MALAYSIA is doing something it has never done before.
The country has formulated a Defence White Paper (DWP) setting out the direction on how Malaysia will remain a secure, sovereign and prosperous nation in the coming decade.
Yesterday the DWP went inaugural in the Dewan Rakyat. But the DWP path is not a less travelled one. Other countries — France, the United Kingdom, Germany, Australia and Canada — have taken a similar road.
Malaysia isn’t in a state of war, for sure. So why the DWP? The DWP has a Roman response: “Si vis pacem, para bellum” (If you want peace, prepare for war).
For a maritime nation that is separated by the South China Sea, Malaysia’s security challenges are aplenty. We will name three. One, the constant power play between big nations. Of these, sea games and other ploys between the United States and China rightfully worry us to no end.
There is also the rapid militarisation of the South China Sea by China. Here our Exclusive Economic Zone comes clashing with China’s so-called Nine-Dash Line. Two, geopolitical developments in Southeast Asia. Conflicts in our neighbouring countries do, at times, compel refugees to cross borders. The Myanmar Rohingya refugee crisis is a case in point.
Three, the ever increasing non-traditional security threats. The 21st century isn’t only about nations going to war with nations. It is also about nations at war with non-state actors.
Read militants, terrorists and an assortment of others. The Lahad Datu intrusion by some 200 militants from the southern Philippines is one example.

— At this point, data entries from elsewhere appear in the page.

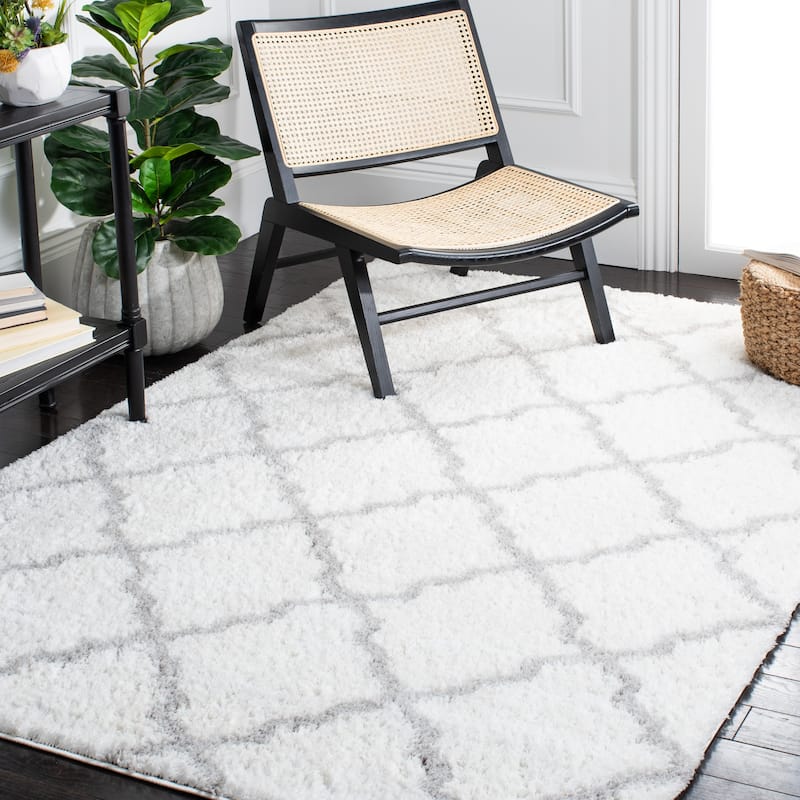 SAFAVIEH Berber Shag Rutilia Trellis 1.25-inch Thick Rug - 8' x 10' - Ivory/Light Grey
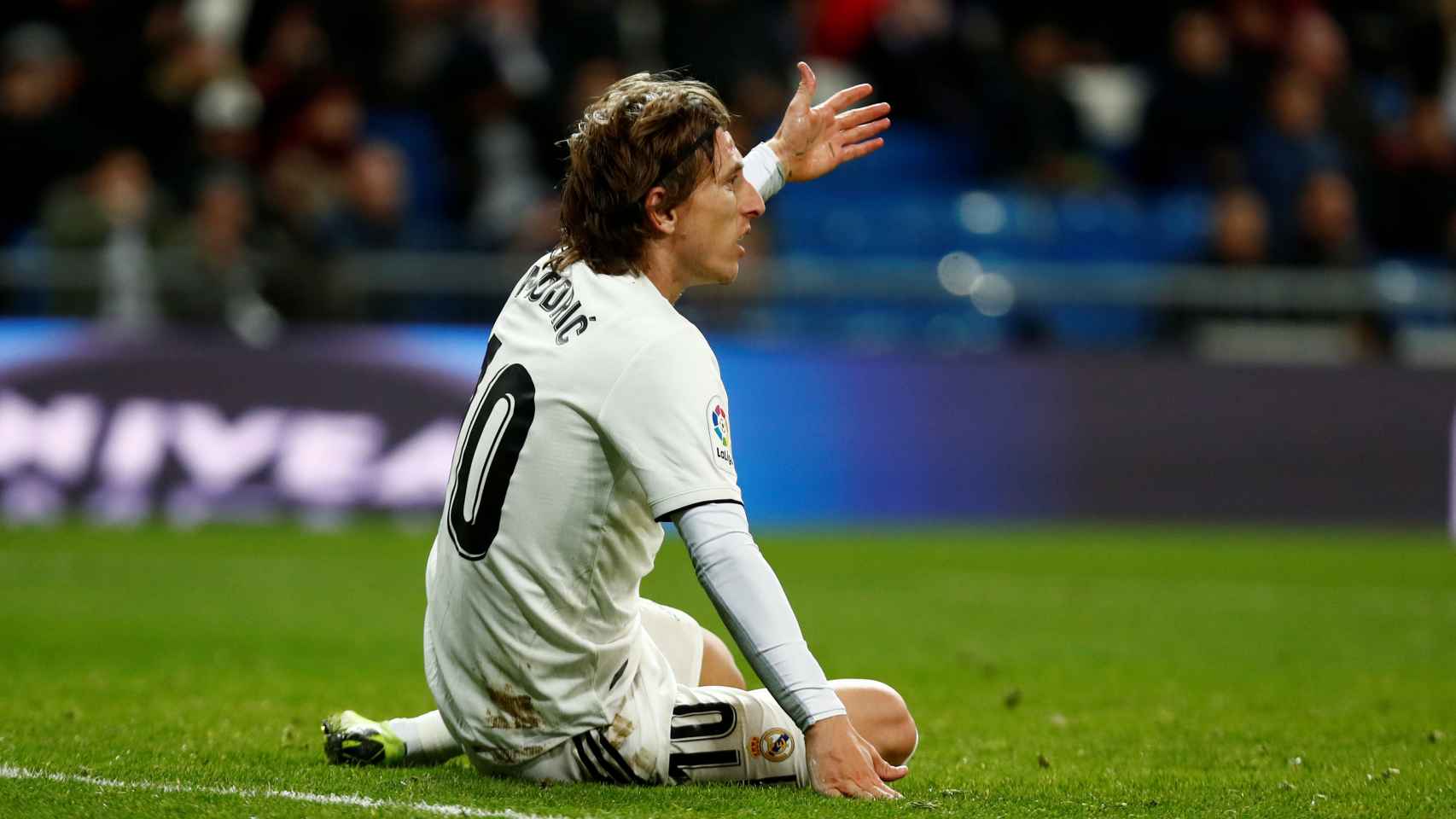 Luka Modric reclama penalti desde el suelo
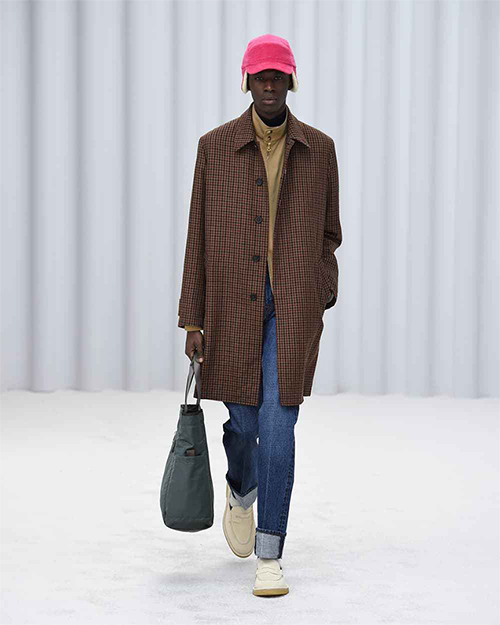 17 PAUL SMITH 2021 AUTUMN-WINTER MEN COLLECTION -  “New & Reixed Versions From Paul Smith Classics”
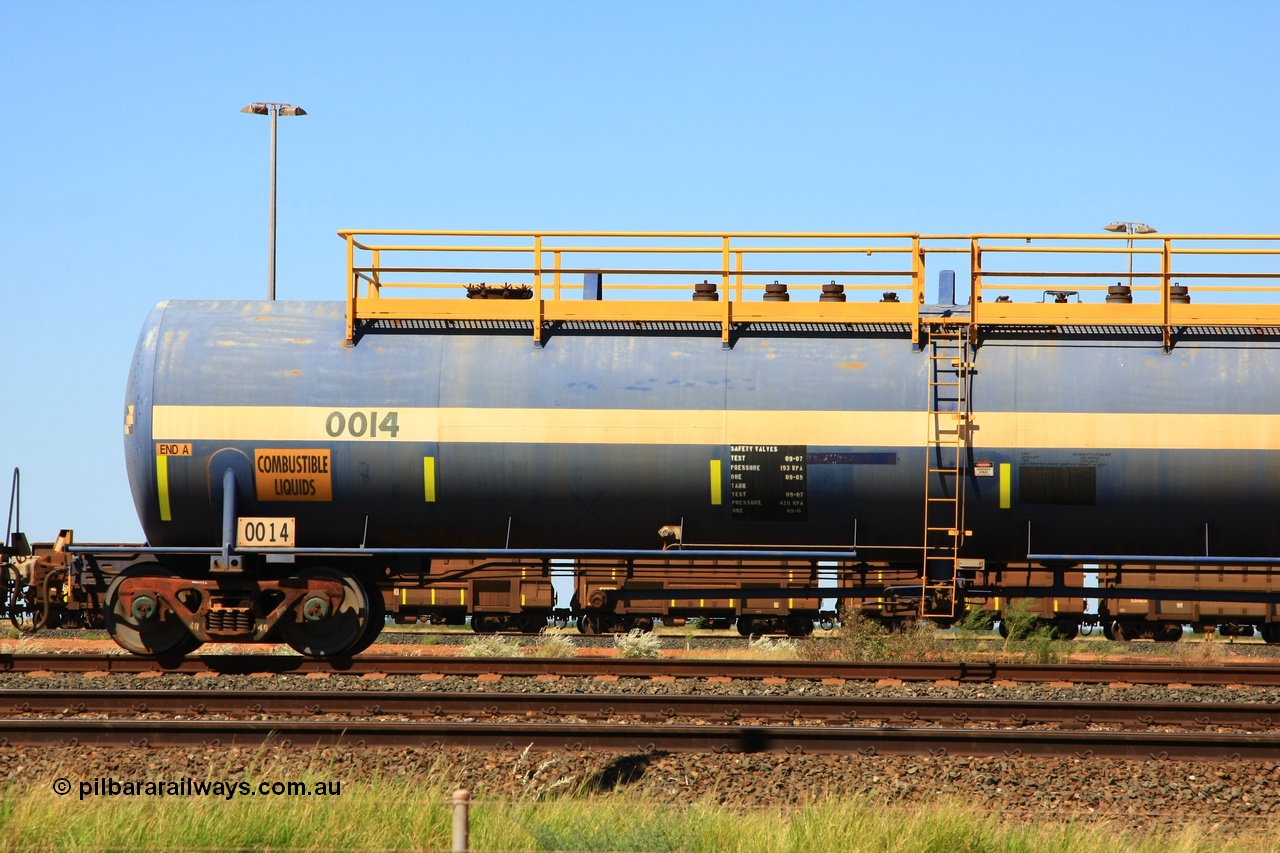 110411 10005
Nelson Point, empty 116 kL Comeng WA built tank waggon 0014 from 1974-5, one of six such tank waggons.
Keywords: Comeng-WA;BHP-tank-waggon;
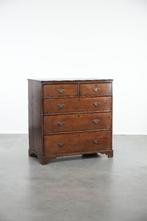 Engelse antieke eikenhouten ladekast uit eind 18e eeuw, Antiek en Kunst, Antiek | Meubels | Kasten, Ophalen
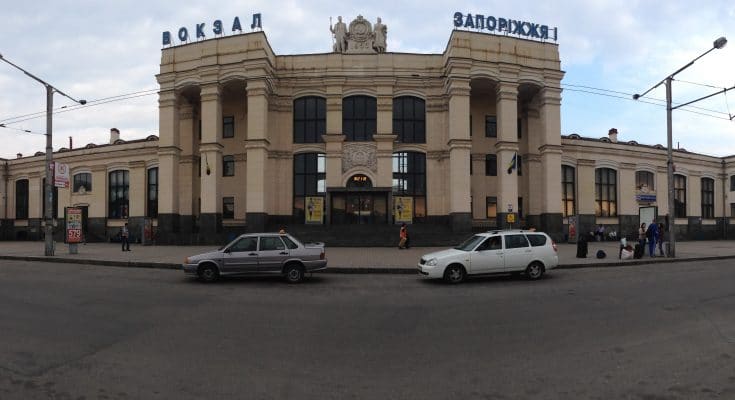 Привокзальную площадь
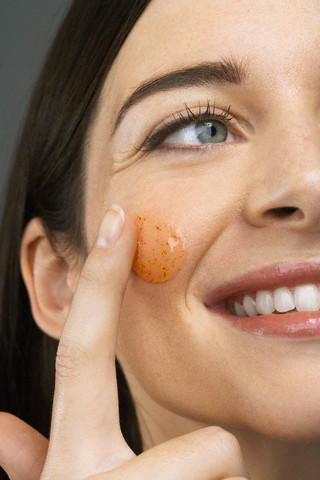 How to shrink pores fast for flawless skin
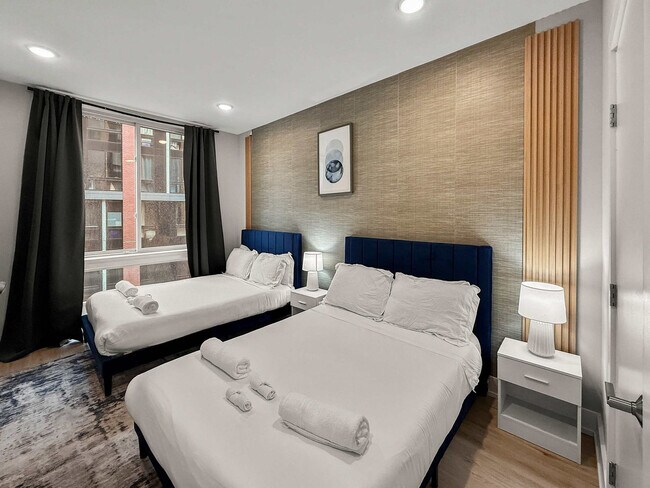 Building Photo - 901 Canal St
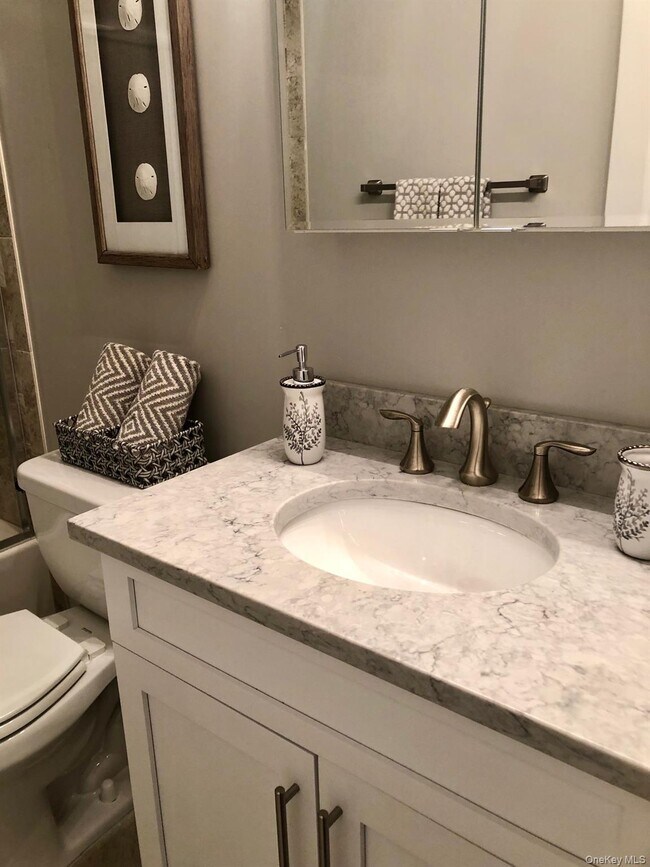 Building Photo - 425 Newbridge Rd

Our security forces had to fight a guerilla war for weeks at the cost of 16 Malaysian lives.
We will be foolish to be not ready for another. Then there are cybersecurity threats. Some numbers will justify the alarm.
Just last year alone, CyberSecurity Malaysia recorded more than 10,000 cybersecurity attacks on corporations and individuals nationwide. Were they by individuals or states? Evidence from around the world point to both. Such are the blessings and blights of living in a connected world.
There is one area which should get more than the brief mention it gets in the DWP. It is China’s strategy.
This Asian giant is a mighty piece in the chessboard that is Southeast Asia. If we want to defend peace, we must know what the Chinese dragon is up to. Is China toning its military muscle or ramping up its commercial cunning? Strategy begets scenario.
Analysts differ in their reading, depending on where their bias resides. Those who see with Chinese lenses do not spot any major geopolitical threats. They see bridges, roads and belts, with a generous sprinkling of financing and technology with Chinese characteristics. They think these to be influence peddling by the Chinese.
Analysts with an American world view, however, have an entirely different way of seeing. They spot an empire builder in the making. Vladimir Lenin famously said: The East will help us to conquer the West. Lenin was onto a great game with Britain of old. Should China’s moves be read Lenin-like? Conflict or commerce, a reading is required for defending peace.